In certain patients, those who have had long experience with secretive, nonresponsive parents or whose self-esteem is particularly fragile, the traditional analytic attitude with regard to self-disclosure may have a stultifying, and quite inhibiting, effect. Instead of functioning to free up the mind and to open up communication, it can shut it down.

It is good to remember, too, that if, for a particular reason, I choose to reveal where I've been on my brief vacation, that surely does not put an end to my patient's fantasies. It may, in fact, prove to be a powerful stimulus to them. There remains much room for my patient to fantasize, much in his inner world to explore. The patient, for instance, is quite free to imagine me, as often happens, as a tangle foot novice on the slopes, nearly breaking my neck on the beginners' hill; or, less frequently, but more accurately, as completing the giant slalom in record time.
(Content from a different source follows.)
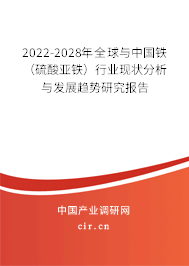 2022-2028年全球與中國鐵（硫酸亞鐵）行業(yè)現(xiàn)狀分析與發(fā)展趨勢研究報告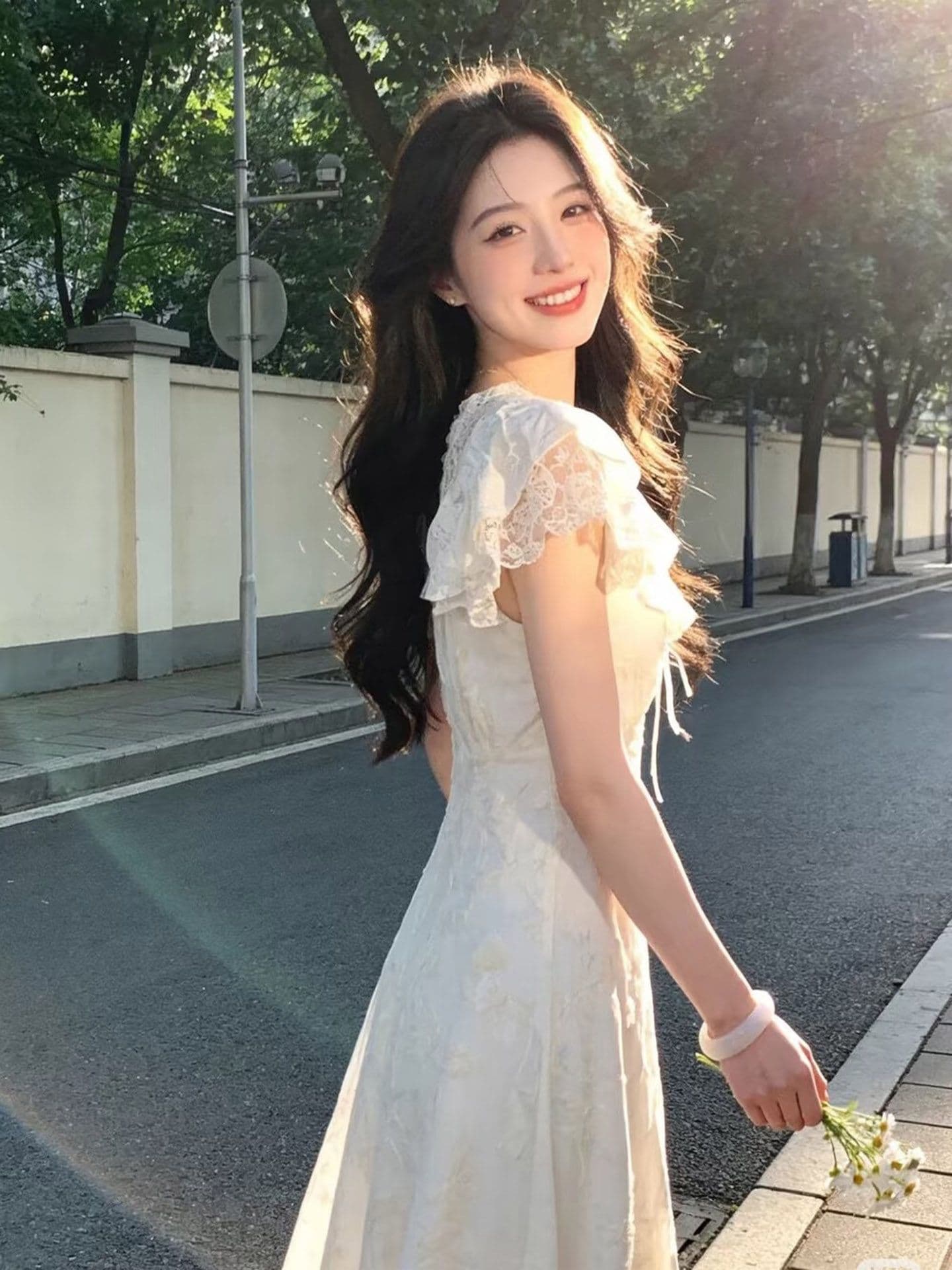 초여름 자이언트 잘 생긴 부드러운 바람 센 부서 착용 가져 가라. 화이트 여성 드레스 2026 새로운 프랑스식 요정 레이스 드레스 상세 이미지 6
In this post, I've used the terms, "anonymity", "neutrality", "detachment", and "blank screen" somewhat interchangeably, but they are not identical. I suppose, for me, anonymity means not linking to my blog from my LinkedIn profile. Neutrality means listening openly and without prejudice to what my patients tell me, and not taking sides, either with the patient, or with whoever the patient perceives to be opposing him, or in the way of Anna Freud, remaining equidistant from the patient's Ego, Id, and Superego. Detachment refers to that delicate place of remaining emotionally engaged, allowing my personality, my humor to show through, but with the clear message that the patient's emotional reactions are not mine. And the blank screen? It's not what I do, or try to do. It isn't part of my clinical "vocabulary".